++++ Provided data ++++

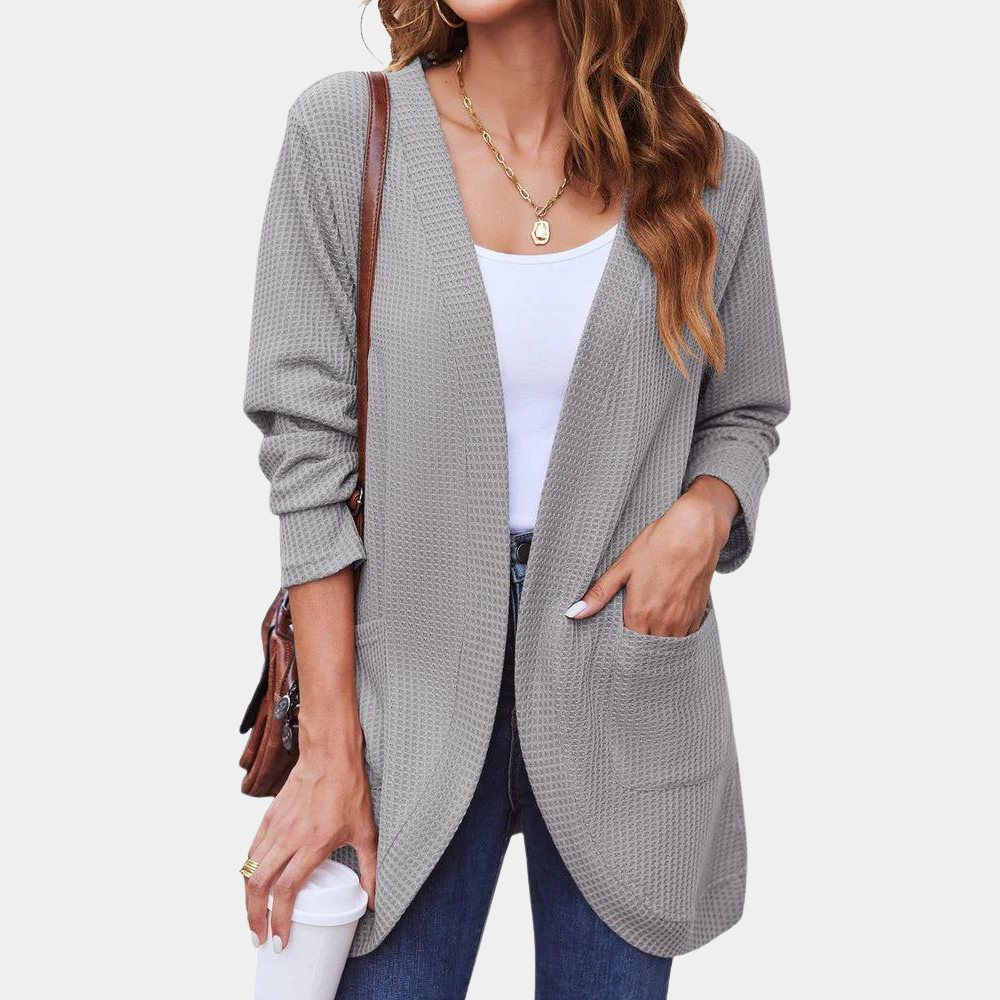 Vrouw draagt lichtgrijs vest met textuur, witte top en jeans. Casual damesmode, herfstkleding, comfortabele stijl, trendy outfit.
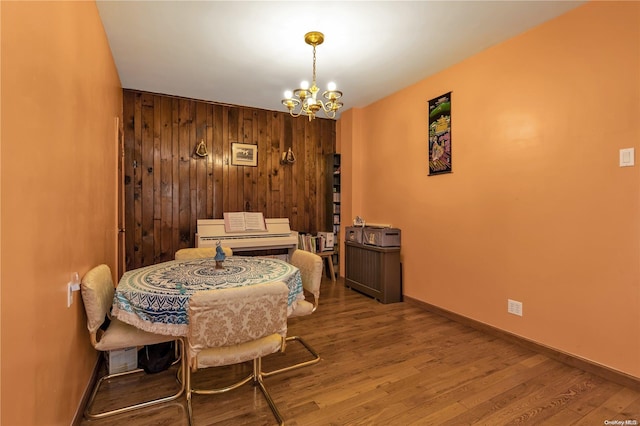 dining room featuring a chandelier, wood-type flooring, and wooden walls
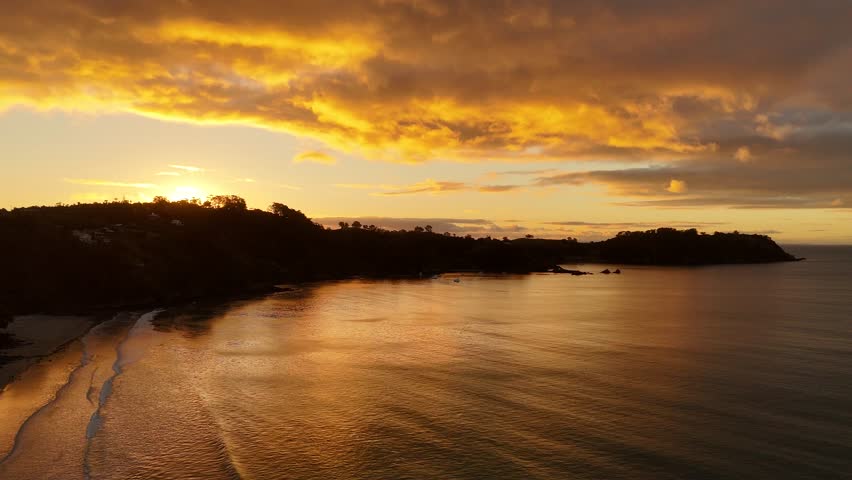 Aerial view during golden hour over Onetangi Beach, Waiheke island, New Zealand.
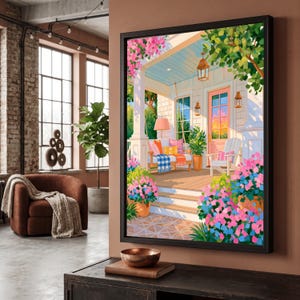 Op de afbeelding: Een ingelijste kunstdruk met een veranda-scène met een houten schommel, een witte stoel en levendige roze en blauwe bloemen. De veranda heeft een lichtblauw plafond, hangende lantaarns en een roze deur in een kleurrijke schilderstijl.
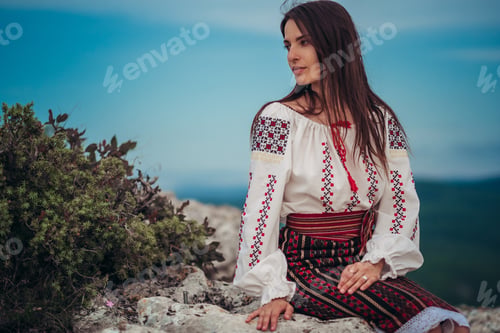 Preview: Atractive woman in traditional romanian costume on mountain green blurred background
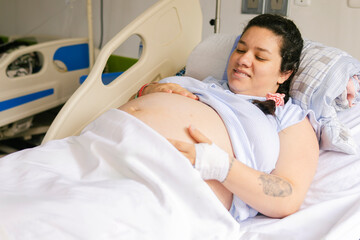 Pregnant Latina Colombian woman lying on a hospital bed, smiling and caressing her belly. In a maternity clinic, waiting to give birth with happiness, tenderness, and well-being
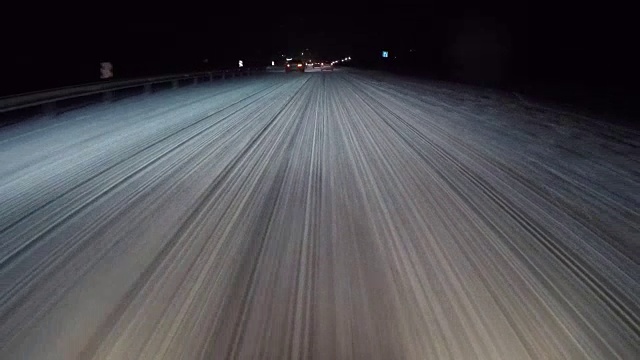 夜晚的路上有强烈的暴风雪在移动汽车前灯。视频素材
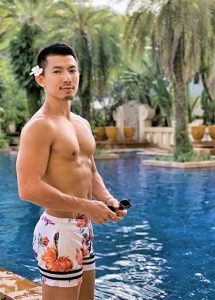Gay traveler at Holiday Inn Resort Phuket. Man in floral swim trunks by the pool. Gay Phuket resort for gay travelers. Gay travel.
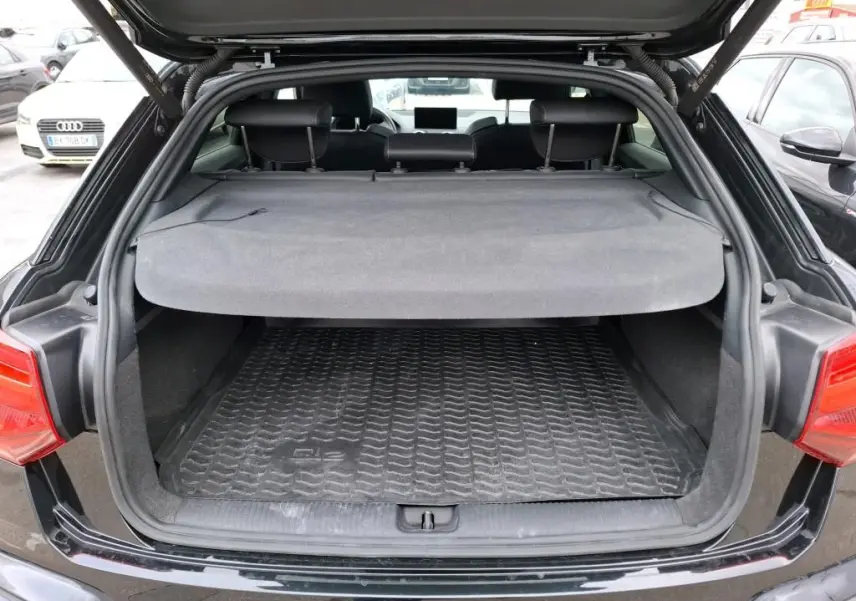 Coffre ouvert vu de l'arrière d'un Audi Q2 noir avec cache-bagages et tapis de coffre en caoutchouc.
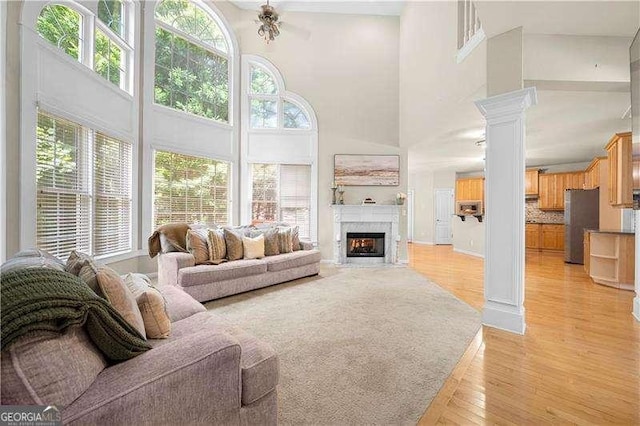 living room featuring decorative columns, a towering ceiling, and light wood-type flooring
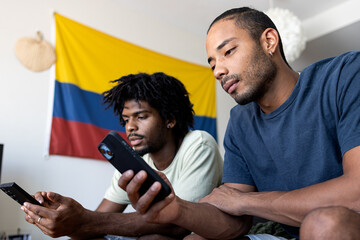 Two latino boys looking at the mobile phone with the Colombian flag behind them.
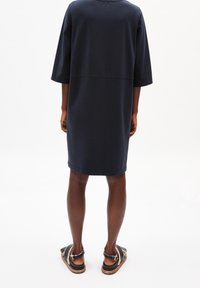 Granatowa sukienka bawełniana o luźnym kroju, z rękawami 3/4 i okrągłym dekoltem. Noszona z czarnymi sandałami z paskiem i klamrą.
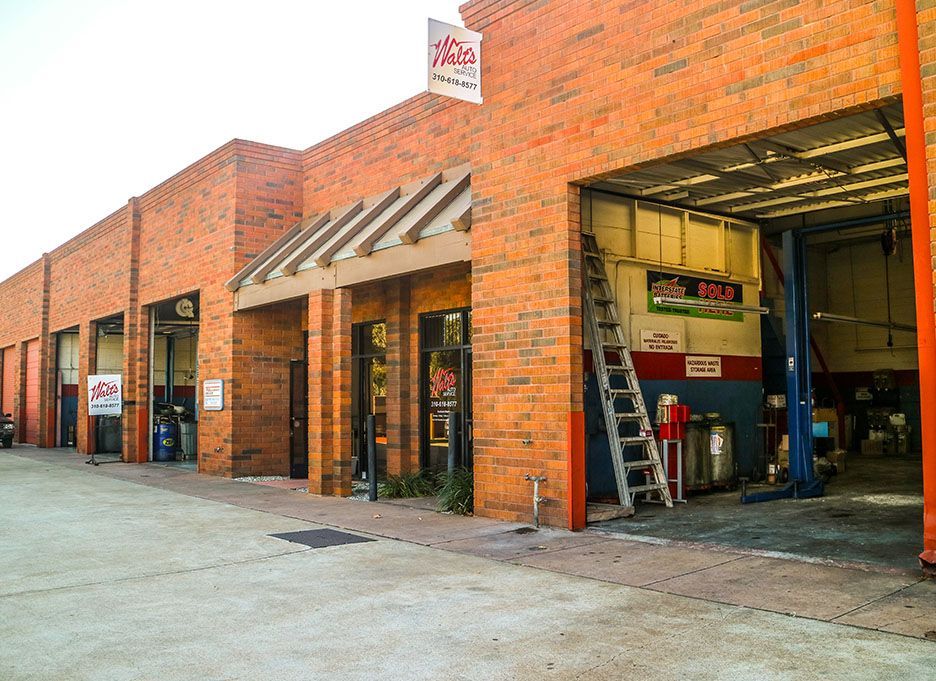 A brick building with a ladder in front of it. | Walt's Auto Service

++++

Could you return, word for word, every line from the line with "夜晚的路上有强烈的暴风雪在移动汽车前灯。视频素材" through the last line of the listing above, both ends included, without any pictures?

 夜晚的路上有强烈的暴风雪在移动汽车前灯。视频素材
Gay traveler at Holiday Inn Resort Phuket. Man in floral swim trunks by the pool. Gay Phuket resort for gay travelers. Gay travel.
 Coffre ouvert vu de l'arrière d'un Audi Q2 noir avec cache-bagages et tapis de coffre en caoutchouc.
 living room featuring decorative columns, a towering ceiling, and light wood-type flooring
 Two latino boys looking at the mobile phone with the Colombian flag behind them.
 Granatowa sukienka bawełniana o luźnym kroju, z rękawami 3/4 i okrągłym dekoltem. Noszona z czarnymi sandałami z paskiem i klamrą.
 A brick building with a ladder in front of it. | Walt's Auto Service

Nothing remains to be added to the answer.